- **Work to be completed**: The full listing, returned exactly and free of pictures, is the expected answer.

- **Dataset section**:
◆ ◆ ◆ ◆ ◆

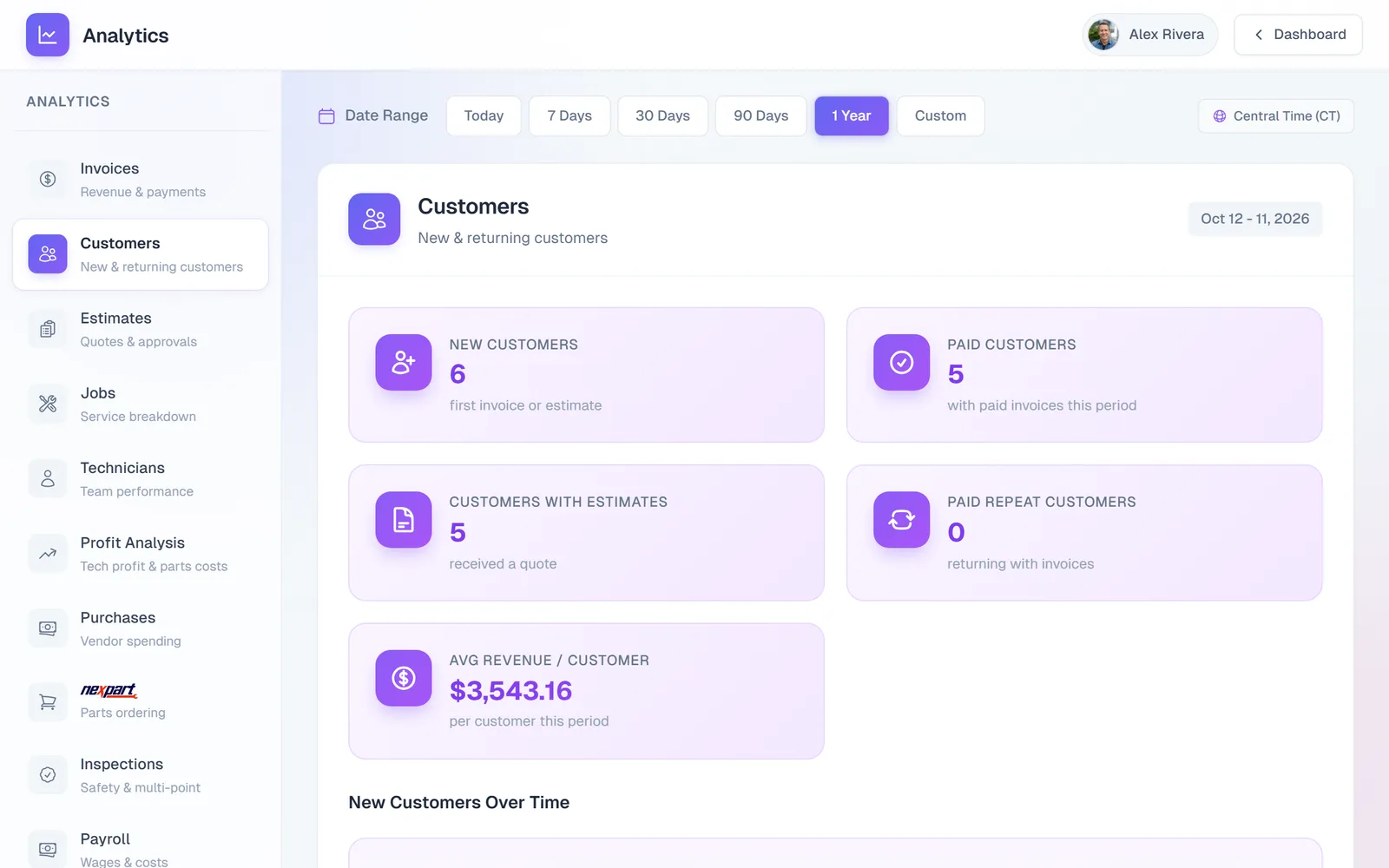 The Customers report with New Customers, Paid Customers, Customers with Estimates, Paid Repeat Customers, Average Revenue per Customer, a New Customers Over Time chart, and a Top Customers table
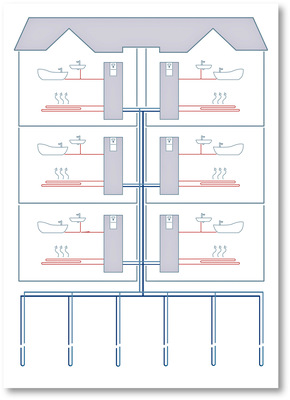 Pro Wohneinheit wird die verbaute Wärmepumpe auf die ­individuellen Bedürfnisse der Bewohner eingestellt.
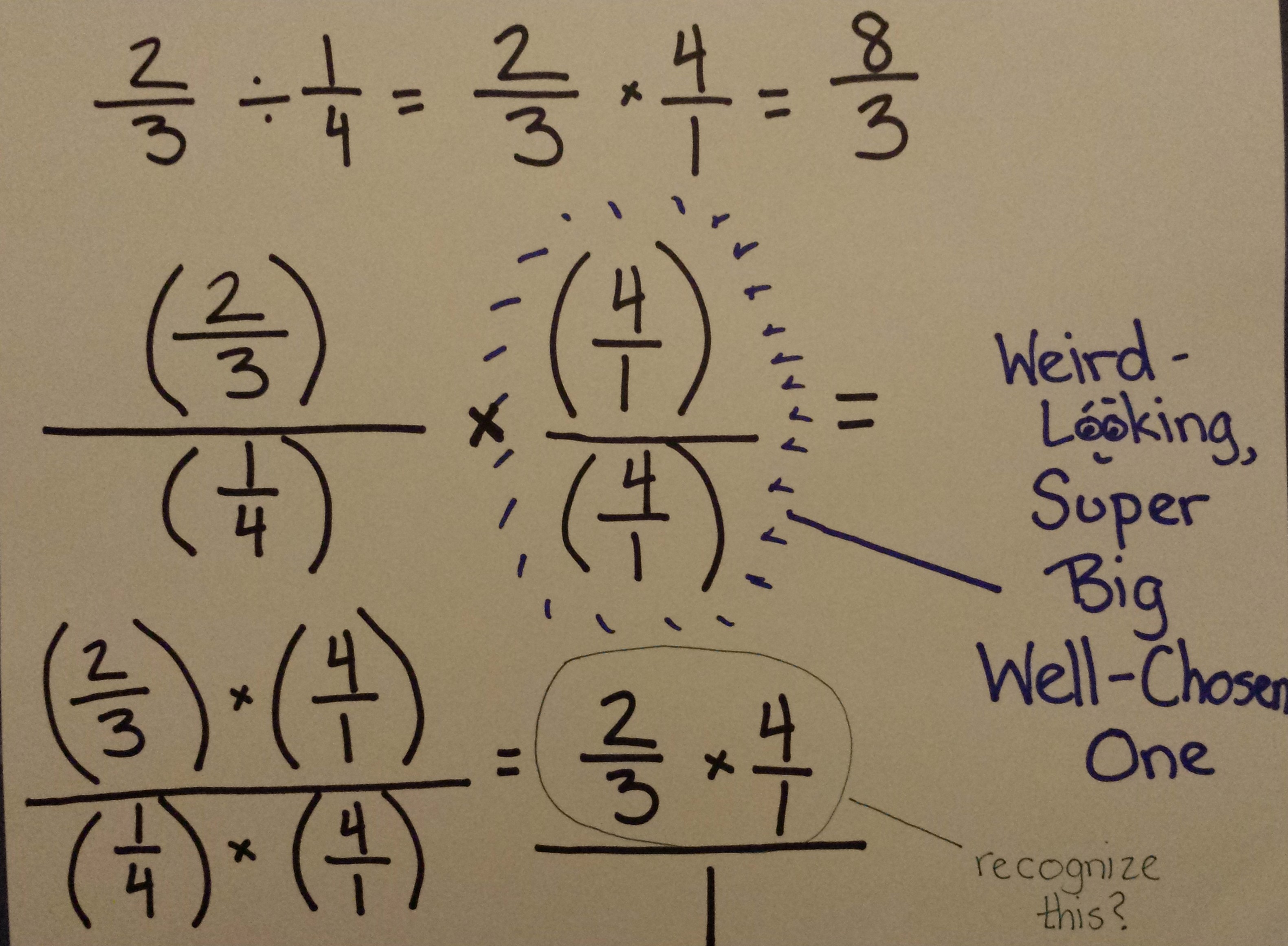 Invert And Multiply Why Humility And Doxology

◆ ◆ ◆ ◆ ◆

- **Result for this exercise**:
 The Customers report with New Customers, Paid Customers, Customers with Estimates, Paid Repeat Customers, Average Revenue per Customer, a New Customers Over Time chart, and a Top Customers table
 Pro Wohneinheit wird die verbaute Wärmepumpe auf die ­individuellen Bedürfnisse der Bewohner eingestellt.
 Invert And Multiply Why Humility And Doxology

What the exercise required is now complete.